Comparison

Projector Window Views vs TV Screensavers

You can run a window view on a TV or on a projector, and both are great, but they give a different result. A projector is more immersive; a TV is brighter and simpler. Here's how to choose the right one for your room.

The quick verdict

A projector is the most convincing fake window because it can fill a whole wall at real window scale, but it needs a dim room to look its best. A TV is brighter, sharper and works in daylight, but it's limited to screen size and always looks a little like a TV. Pick by room and lighting.

Realism and size

Nothing beats a wall-sized projection for fooling the eye, at the right scale and height it genuinely reads as a window. A TV is more obviously a screen, though a wall-mounted Frame-style TV in a deep bezel narrows the gap considerably.

Brightness and room conditions

TVs win in bright rooms: they stay vivid in daylight where a projector washes out. Projectors win in dim and dark rooms, where their large, glowing image looks most real. Match the method to when and where you'll use it.

Cost and simplicity

A TV you already own is the simplest, zero-extra-cost option.

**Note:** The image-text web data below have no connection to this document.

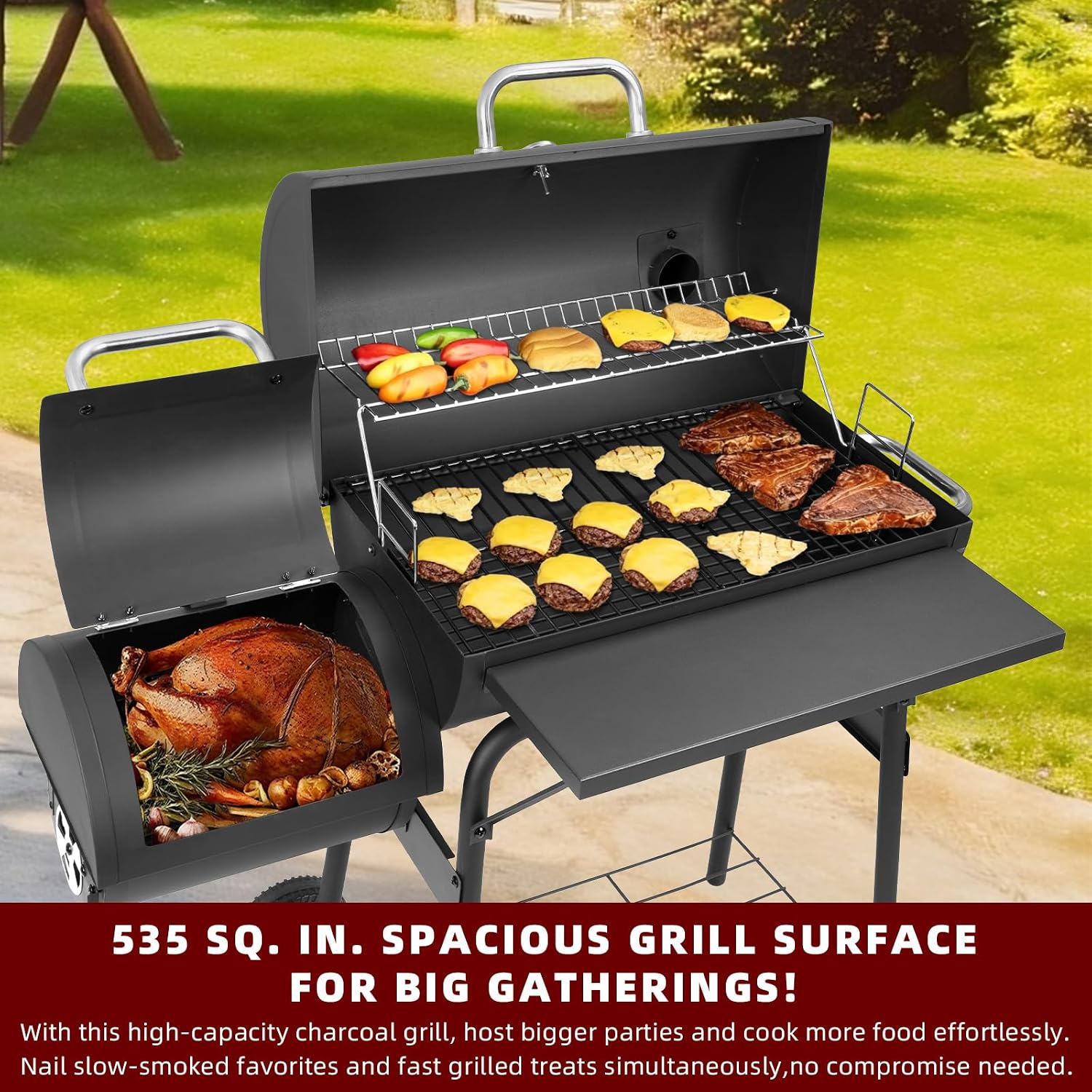 Charcoal Grill Offset Smoker 535 Sq.In. with Front Table for Outdoor BBQ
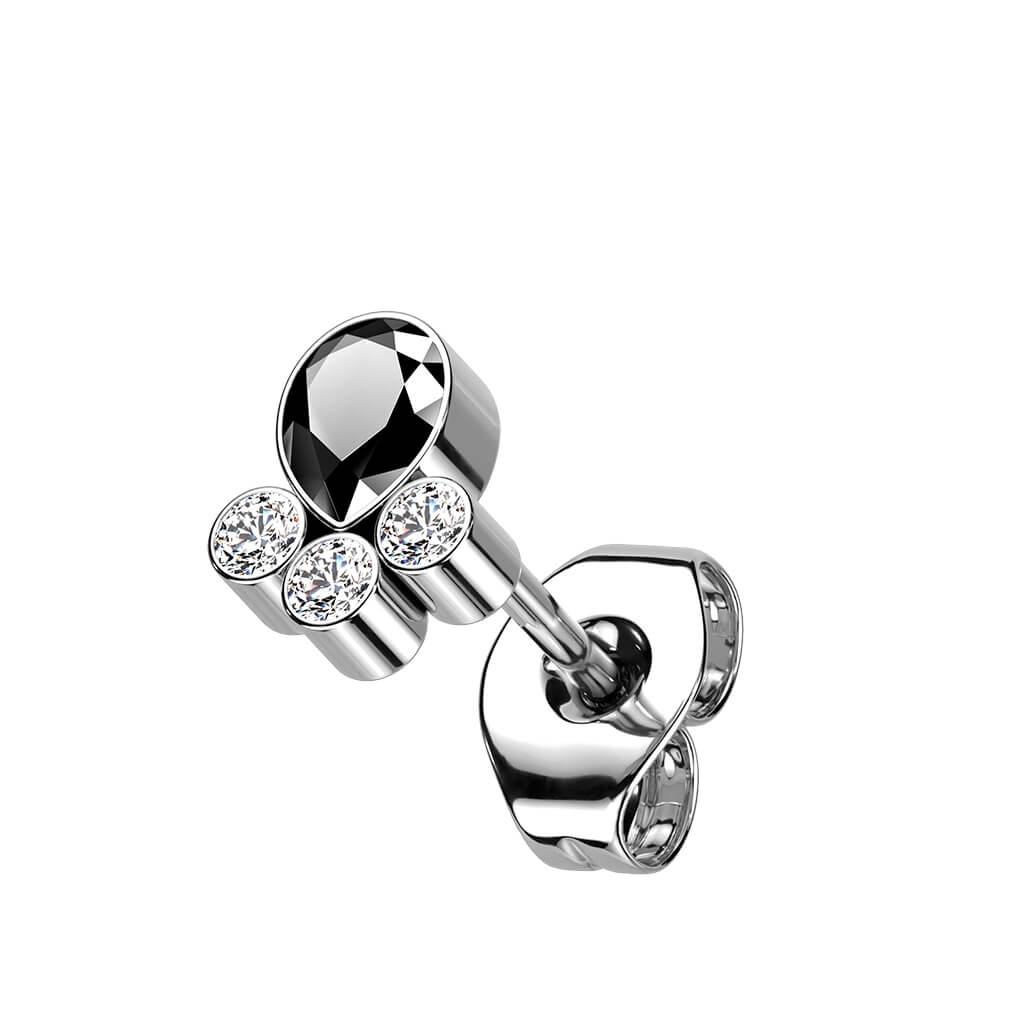 Titane Bouton d'Oreille Pattes Zircone Argent - Image 2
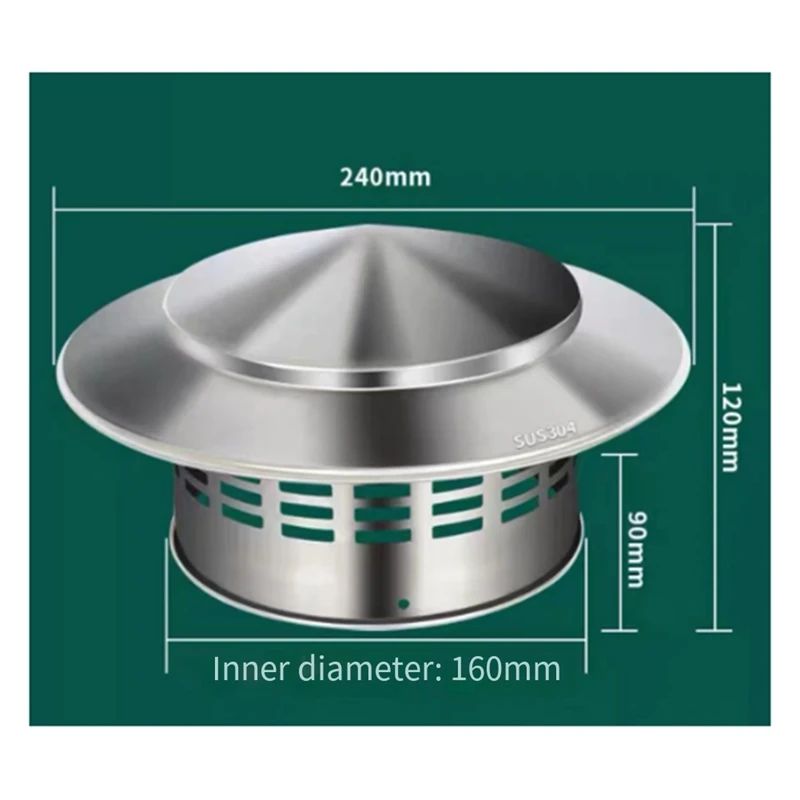 304 Stainless Steel Chimney Cap, Round Chimney Cover with Screen, Stove Pipe Topper for Exterior Fireplace Flue-A26I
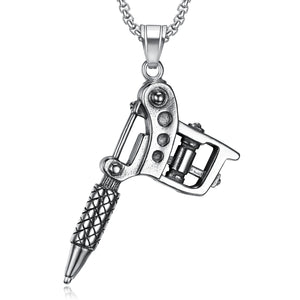 Stainless Steel Tattoo Machine Pendant - Style A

A mini projector is an inexpensive add-on that unlocks the wall-sized effect; brighter projectors cost more but handle daylight. Many people use a TV by day and a projector at night.

Good to know

Frequently asked questions

Which is more realistic as a fake window?

A projector, because it can match real window size on a wall. A TV is brighter and easier but reads more like a screen.

Can I use the same Framic views on both?

Yes. Every view works on a TV and a projector; calm, slow scenes look best projected large.